The body has special nerve sensors called proprioceptors that are richly invested in the structural tissues of the body. They function to send information to the brain about position and movement sense of the body. These receptors are most heavily concentrated in and around the joints of your body. When your joints are dysfunctional and not moving properly, altered sensory information is sent to your brain, which can create disequilibrium (vertigo and dizziness). This is often seen in the neck as cervicogenic vertigo (vertigo caused from the neck). Chiropractic is extremely effective at helping cervicogenic vertigo by addressing dysfunctional neck structures.

Clinically, the most common type of vertigo seen in this office is Benign Vertigo, or Benign Paroxysmal Positional Vertigo (BPPV). Benign vertigo is theorized to be caused by small densities (Canolith, litho=stone) that are formed inside the inner ear. Most often as a result of head trauma, recently or in the past. What usually initiates the episode of vertigo is that the head is placed in an awkward position for a prolonged period of time, either from an unusual sleeping position, or some other activity, for example: painting a ceiling with your head in prolonged extension. It is theorized that these "stones" migrate into areas of the inner ear and cause trouble with the vestibular apparatus or organ of balance. And thereby send false signals of movement, when the body is not moving.

Treatment for Benign Vertigo: The Canalith Repositioning Procedure...
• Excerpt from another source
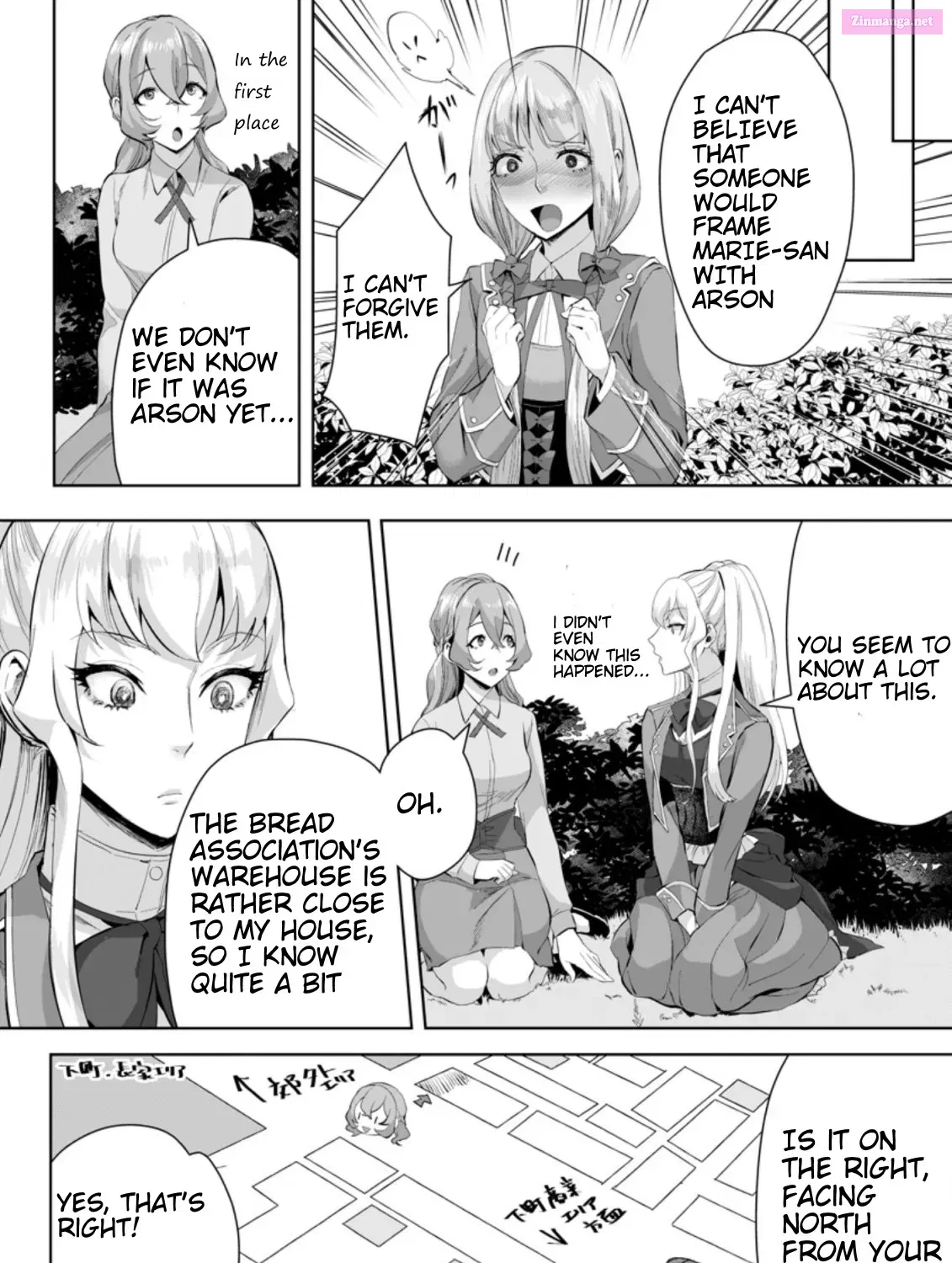 Gakuen Mono no Otome Game no Sekai ni Tensei Shita kedo, Cheat-mochi no Haikei Danshi Seito datta you desu Chapter 5.3 page 4 - MangaKakalot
The canolith repositioning procedure is not a chiropractic procedure, but a procedure first instituted and described by John M. Epley, M.D. The procedure is basically a manual head positioning procedure designed to move these densities out of sensitive areas of the inner ear, into areas that do not cause problems. Clinically, I have been very successful treating benign paroxysmal positional vertigo in the office. Most patients experience immediate results, while only a handful require one to two more visits. About half experience a relapse, usually around 3-6 months, that quickly goes away with further treatment. The procedure is painless. If you can lie on your back, rollover on your side, lie face down, while having your head supported in a variety of positions, you will do fine.

Comments...

My interest in vestibular disorders first began in graduate school; my wife woke up one morning with severe vertigo for the very first time. After a trip to an otolaryngologist, (ears, nose, throat specialist, or E.N.T.) and further diagnostic testing, not much was done, only medication was prescribed such as Antivert, which was not very effective, and had side effects also. A Neurologist instructor of mine suggested I do further research into it so I traveled to the University of Iowa Medical Center Library, and researched articles on treatment. That is when I came across Dr. Epley's canolith repositioning procedure. As of 2006, I have treated approximately 300 people. I would estimate 80% have had immediate cessation of their vertigo on their first visit, while 15% required an additional two to five visits for complete resolution. Of the remaining patients, a few were unable to perform the required positioning (elderly) and received no benefit. Some had signs and symptoms that were not related to the inner ear. One patient had cervicogenic (caused by the neck) vertigo, and two were unresponsive to the Epley procedure. I have had only two patients that have gotten worse temporarily.

I have been most disappointed that most, if not all, doctors know nothing about treating this affliction with this relatively simple and effective manual method. Of all the E.E.N.T. specialists my patients have seen, they have never performed this procedure. One E.E.N.T. told my patient to hang her head off the edge of the bed, and that was it! I would think that something that is directly in their scope of practice would deserve a complete knowledge of all treatments available. She was most displeased and came to me and walked out free of vertigo. Most of the patients I have seen have been seen by their family doctor, then referred to E.E.N.T. specialists, and neurologists with no help. I have received many referrals from the physicians in my group office with excellent results. I am always looking for an E.E.N.T. specialist that I can refer to if I have a difficult case.